On dirait la relation entre un auteur et son correcteur.
Oui, vous avez tout à fait raison. Je pense qu’il est indispensable d’avoir le point de vue plus objectif du correcteur quand vous réalisez quelque chose destiné à une population assez large de joueurs, et non à un public limité. Dans ce sens, j’étais vraiment heureux de l’apport de Nintendo.
Bien entendu, la création peut être une activité très difficile et implacable, plus particulièrement lorsque vous êtes poussé dans vos derniers retranchements et vous ne pouvez pas toujours avoir les mêmes points de vue. Avez-vous eu de grandes divergences d’opinions ?
Nous avons eu très peu de véritables divergences d’opinions. Cependant, quand les scénarii s’empilent, vous vous retrouvez avec de nombreux éléments qui ne sont pas à la hauteur de ce que vous attendiez, car leur rédaction a nécessité beaucoup de temps. Vous pouvez vite vous retrouver à vous dire : « Non, ce n’est pas du tout ça ! » C’est pour cette raison que nous nous sommes mis d’accord pour diviser le travail en parties gérables en pensant : « Pour la prochaine fois, nous allons jusque-là. »
Comment avez-vous procédé ?
Une fois par semaine, le jeudi, nous nous retrouvions ici et organisions une réunion portant sur le scénario.
Je vois. Ainsi, en vous voyant souvent et en ne traitant que de petites parties de l’ensemble, vous étiez en mesure de soulever assez vite les problèmes que vous rencontriez et de les résoudre rapidement.
Exactement. C’est pour cette raison que nous n’avons pas eu de grandes divergences. Ces réunions « scénario » étaient aussi très amusantes. Chaque semaine, je me demandais à chaque fois quelle balle Takeda-san allait me lancer.
J’imagine qu’une réunion hebdomadaire était un bon objectif vers lequel tendre et cela vous aidait à avancer à un bon rythme. Ce n’était pas dur pour Takeda-san ? Après tout, il devait lancer une bonne balle à un Takahashi-san impatient et passionné.
Non. J’ai surtout travaillé pour des séries télévisées hebdomadaires, donc, pour moi, cette méthode de travail, c’était...
Mais oui ! Votre point fort, c’était de travailler à la semaine ! (rires)
C’est vrai. Cela me faisait plutôt plaisir de travailler à un rythme confortable pour moi.
Combien de temps ce jeu de balle a-t-il duré finalement ?
Eh bien, tout au long du développement du jeu. Je dirais donc que cela a duré environ une année.
C’est vrai.

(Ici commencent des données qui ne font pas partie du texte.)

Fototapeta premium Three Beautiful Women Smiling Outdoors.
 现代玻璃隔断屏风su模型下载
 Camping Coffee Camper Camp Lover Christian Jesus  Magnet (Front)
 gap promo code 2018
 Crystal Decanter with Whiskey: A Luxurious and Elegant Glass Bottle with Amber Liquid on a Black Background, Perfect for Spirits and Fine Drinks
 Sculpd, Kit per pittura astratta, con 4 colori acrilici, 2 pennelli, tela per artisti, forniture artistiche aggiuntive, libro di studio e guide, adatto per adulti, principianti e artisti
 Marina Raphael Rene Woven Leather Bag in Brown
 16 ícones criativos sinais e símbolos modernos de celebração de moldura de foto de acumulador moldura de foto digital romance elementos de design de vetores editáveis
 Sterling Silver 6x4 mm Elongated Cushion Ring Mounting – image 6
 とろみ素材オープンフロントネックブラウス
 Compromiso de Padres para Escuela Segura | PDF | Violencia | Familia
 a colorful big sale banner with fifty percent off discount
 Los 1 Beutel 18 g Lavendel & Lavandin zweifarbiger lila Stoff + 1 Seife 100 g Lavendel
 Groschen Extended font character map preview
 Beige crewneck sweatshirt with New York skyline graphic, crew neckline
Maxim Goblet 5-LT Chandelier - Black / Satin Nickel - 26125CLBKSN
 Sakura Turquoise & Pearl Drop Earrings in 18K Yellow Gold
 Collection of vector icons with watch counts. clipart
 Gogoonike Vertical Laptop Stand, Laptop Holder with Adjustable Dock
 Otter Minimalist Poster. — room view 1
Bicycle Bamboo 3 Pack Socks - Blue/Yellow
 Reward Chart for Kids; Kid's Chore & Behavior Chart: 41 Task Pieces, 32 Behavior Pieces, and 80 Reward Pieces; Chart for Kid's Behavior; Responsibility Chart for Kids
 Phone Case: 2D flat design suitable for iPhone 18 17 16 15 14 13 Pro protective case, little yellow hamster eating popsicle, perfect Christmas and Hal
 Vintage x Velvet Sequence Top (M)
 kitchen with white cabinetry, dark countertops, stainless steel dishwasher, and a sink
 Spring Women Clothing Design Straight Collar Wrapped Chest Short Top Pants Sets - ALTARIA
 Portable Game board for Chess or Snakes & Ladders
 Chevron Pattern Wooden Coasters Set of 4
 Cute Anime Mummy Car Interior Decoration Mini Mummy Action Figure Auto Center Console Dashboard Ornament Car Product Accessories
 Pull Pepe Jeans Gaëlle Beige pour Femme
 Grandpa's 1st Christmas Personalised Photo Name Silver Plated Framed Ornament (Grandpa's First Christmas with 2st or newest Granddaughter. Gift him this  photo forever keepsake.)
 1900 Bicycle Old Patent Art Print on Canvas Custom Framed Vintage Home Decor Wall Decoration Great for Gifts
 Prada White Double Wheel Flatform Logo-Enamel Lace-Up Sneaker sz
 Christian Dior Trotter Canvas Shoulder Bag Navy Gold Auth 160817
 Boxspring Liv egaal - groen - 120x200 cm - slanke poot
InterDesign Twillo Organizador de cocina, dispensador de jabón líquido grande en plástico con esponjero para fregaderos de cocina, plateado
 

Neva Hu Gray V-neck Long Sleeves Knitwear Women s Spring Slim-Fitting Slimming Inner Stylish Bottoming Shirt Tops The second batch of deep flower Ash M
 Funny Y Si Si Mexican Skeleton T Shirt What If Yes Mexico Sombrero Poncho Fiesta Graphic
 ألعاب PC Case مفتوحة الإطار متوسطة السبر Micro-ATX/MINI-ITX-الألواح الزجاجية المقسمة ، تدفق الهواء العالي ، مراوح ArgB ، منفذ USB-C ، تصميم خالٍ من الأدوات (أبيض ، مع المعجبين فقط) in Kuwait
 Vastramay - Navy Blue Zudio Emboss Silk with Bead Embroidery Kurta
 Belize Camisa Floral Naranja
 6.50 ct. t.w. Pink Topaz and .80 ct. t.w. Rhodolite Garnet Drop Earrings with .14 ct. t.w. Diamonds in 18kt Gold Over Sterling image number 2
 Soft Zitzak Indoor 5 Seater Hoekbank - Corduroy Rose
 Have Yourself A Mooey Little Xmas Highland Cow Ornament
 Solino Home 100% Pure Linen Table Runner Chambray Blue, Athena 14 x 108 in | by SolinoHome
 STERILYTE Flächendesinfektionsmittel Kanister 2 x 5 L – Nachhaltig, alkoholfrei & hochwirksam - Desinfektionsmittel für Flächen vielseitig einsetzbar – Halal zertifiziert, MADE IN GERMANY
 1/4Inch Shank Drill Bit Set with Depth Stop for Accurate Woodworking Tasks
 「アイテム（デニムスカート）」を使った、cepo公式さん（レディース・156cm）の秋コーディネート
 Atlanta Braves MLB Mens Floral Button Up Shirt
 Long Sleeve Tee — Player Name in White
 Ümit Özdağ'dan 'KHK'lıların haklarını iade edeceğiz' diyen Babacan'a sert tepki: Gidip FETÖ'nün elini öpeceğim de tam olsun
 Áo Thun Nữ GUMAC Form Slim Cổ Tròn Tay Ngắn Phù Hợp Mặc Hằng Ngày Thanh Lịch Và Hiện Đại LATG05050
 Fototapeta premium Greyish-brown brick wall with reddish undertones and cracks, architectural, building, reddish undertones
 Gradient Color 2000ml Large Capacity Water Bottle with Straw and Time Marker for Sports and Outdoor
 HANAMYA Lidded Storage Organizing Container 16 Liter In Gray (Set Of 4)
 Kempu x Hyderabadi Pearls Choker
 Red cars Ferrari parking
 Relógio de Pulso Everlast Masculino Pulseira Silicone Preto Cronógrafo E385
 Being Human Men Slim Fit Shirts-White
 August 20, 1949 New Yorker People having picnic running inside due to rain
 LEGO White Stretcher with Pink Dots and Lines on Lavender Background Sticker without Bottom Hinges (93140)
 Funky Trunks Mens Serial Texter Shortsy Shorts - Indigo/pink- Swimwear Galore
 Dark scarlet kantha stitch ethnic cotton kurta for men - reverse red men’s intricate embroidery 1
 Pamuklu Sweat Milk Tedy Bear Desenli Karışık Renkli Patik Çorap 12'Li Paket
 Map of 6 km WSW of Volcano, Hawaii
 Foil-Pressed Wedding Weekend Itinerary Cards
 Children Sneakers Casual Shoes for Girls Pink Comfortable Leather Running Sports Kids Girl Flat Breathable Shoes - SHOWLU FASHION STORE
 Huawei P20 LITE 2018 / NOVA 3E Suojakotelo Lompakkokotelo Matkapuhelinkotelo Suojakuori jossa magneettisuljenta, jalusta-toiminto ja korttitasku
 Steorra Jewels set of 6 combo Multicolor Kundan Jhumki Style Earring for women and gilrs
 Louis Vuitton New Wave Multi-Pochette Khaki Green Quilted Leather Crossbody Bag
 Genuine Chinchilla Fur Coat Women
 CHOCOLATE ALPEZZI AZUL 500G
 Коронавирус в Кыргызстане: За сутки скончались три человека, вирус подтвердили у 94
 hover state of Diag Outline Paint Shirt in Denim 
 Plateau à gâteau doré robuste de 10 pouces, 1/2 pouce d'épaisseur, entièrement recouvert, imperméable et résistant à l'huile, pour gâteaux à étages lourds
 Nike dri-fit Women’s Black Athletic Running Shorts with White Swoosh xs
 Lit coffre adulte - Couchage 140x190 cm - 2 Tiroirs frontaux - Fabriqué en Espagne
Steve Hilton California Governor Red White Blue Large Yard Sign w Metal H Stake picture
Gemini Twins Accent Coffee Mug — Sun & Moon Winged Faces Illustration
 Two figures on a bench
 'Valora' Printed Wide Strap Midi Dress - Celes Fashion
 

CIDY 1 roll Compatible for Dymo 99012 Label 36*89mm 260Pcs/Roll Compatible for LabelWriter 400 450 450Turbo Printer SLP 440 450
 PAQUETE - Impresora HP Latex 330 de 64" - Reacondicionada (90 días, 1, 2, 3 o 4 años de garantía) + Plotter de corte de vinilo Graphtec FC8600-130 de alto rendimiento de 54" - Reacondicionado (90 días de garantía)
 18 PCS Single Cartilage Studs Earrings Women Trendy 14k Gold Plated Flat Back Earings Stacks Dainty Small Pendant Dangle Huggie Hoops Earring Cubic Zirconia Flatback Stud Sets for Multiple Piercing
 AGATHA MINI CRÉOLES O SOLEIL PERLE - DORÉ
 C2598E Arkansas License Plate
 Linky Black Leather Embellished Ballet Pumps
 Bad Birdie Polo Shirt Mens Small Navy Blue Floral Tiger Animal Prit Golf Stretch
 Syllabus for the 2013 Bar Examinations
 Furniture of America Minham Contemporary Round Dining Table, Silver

Nous avons donc organisé des réunions assez intenses pendant une année et, tout ce temps, nous avons intégré les idées de nombreuses personnes à ce scénario. Quand je lis le scénario final, je n’arrive plus à distinguer où mes idées s’arrêtent et où commencent celles des autres.
Les idées des uns et des autres se sont agrégées pour donner naissance à ce scénario.
Exactement. Même s’il y a les idées d’autres personnes et que c’est à grande échelle, le scénario final est très équilibré.